Моторы Родченко, правда, беспокойные: то форсунка летит, то масляная помпа не работает. За ними глаз да глаз нужен. Спать некогда! Вчера, когда «тэка» на высоте отказал, — меня в жар бросило. Зато скорость какая — душа радуется! Четыреста километров в час, а то еле-еле триста натягиваем. С авиадизелями мы без посадки сколько тысяч километров протопали. Да разве после этого можно сомневаться, что они нужны. А что дизеля еще с дефектами, так что тут страшного? Не понимаю. Какой же мотор у нас сразу чистым, как стеклышко, вышел? Я что-то про такие и не слыхал. Вспомните, сколько пришлось поработать над нашими бензиновыми, прежде чем их до дела довели. И дизели доведем! Это же силища!
«Молодец, Морозыч! Хорошо сказал», — растроганно подумал Николай Николаевич. Он продолжал делать отметки в блокноте. А когда поднял голову, встретился глазами с Алексеем Кирилловичем Дорониным — парторгом ЦК на заводе. Тот еле заметно одобрительно кивнул в сторону Морозова и улыбнулся. Улыбка открыла ровные белые зубы и смягчила резкие черты узкого суховатого лица с большим лбом, перерезанным поперечной морщиной.
Доронин впервые появился на заводе всего полгода назад, однако рабочие уважительно, с доверием говорят о нем: «наш парторг». Его высокую худощавую фигуру часто можно видеть в цехах.
— По-хорошему беспокойный человек Алексей Кириллович, — одобрительно отзывался о нем мастер экспериментального цеха коммунист, бывший партизан Кузьмич. — Глядите-ка, Леньку Мохова в изобретатели вывел, а мы-то считали, что Ленька и токарь-то неважнецкий. Умеет Доронин нашему брату, рабочему, в душу заглянуть. Ничего не скажешь… Настоящий партийный руководитель…
Этот разговор о парторге ЦК был месяца два тому назад, а сейчас на заводе уже все знают, с какой страстностью борется Доронин не только за производственные успехи, но и за каждого члена коллектива.
Его оценку авиадизеля выслушали с большим вниманием.

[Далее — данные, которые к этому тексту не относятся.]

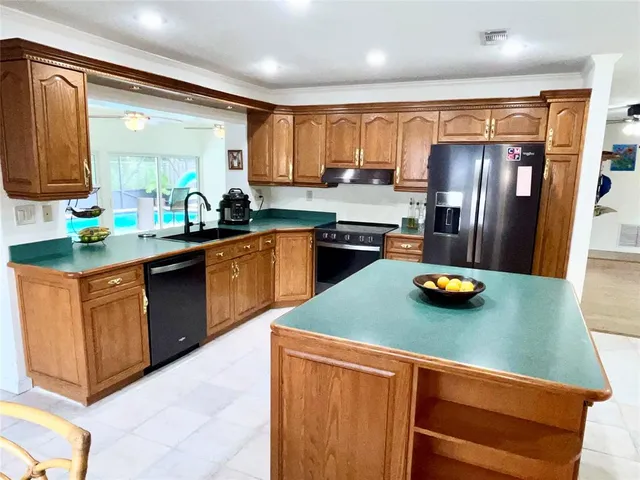 a kitchen with stainless steel appliances granite countertop a sink a stove and a refrigerator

— Во время испытательного полета в Арктику выяснились достоинства и недостатки мотора Родченко, — сказал Доронин. — Пусть этот мотор еще нельзя считать доведенным до конца, но и сейчас уже ясны его преимущества по сравнению с бензиновыми моторами: технические показатели авиадизеля более высокие, он экономичен и безопаснее в пожарном отношении. Проделанный позавчера воздушный путь, конечно, еще не предел для авиационных дизелей.
Партия и правительство ставят перед нами, строителями авиамоторов, ответственную задачу: дать советской авиации достойные ее воздушные двигатели. Нам уже нужны моторы в пять — шесть тысяч лошадиных сил, а в ближайшем будущем еще более мощные. Мы должны мыслить перспективно, не жить только сегодняшним днем.
Я считаю: нашему заводу повезло, что именно у нас строится такой мощный авиадизель. Сегодня — сила этого мотора шесть тысяч, а завтра эта сила вырастет и станет «силищей», по удачному выражению товарища Морозова. Так неужели мы добровольно откажемся от участия в рождении этой «силищи»? Инженер Глинский сказал: мотор Родченко тянет завод назад, к невыполнению плана. Неверно это. Назад завод тянут подобные деляческие рассуждения. И товарищу Чеботареву стыдно. Ему не мешало бы послушать, как говорят рабочие его цеха о моторе Родченко. Они-то не боятся лишней нагрузки.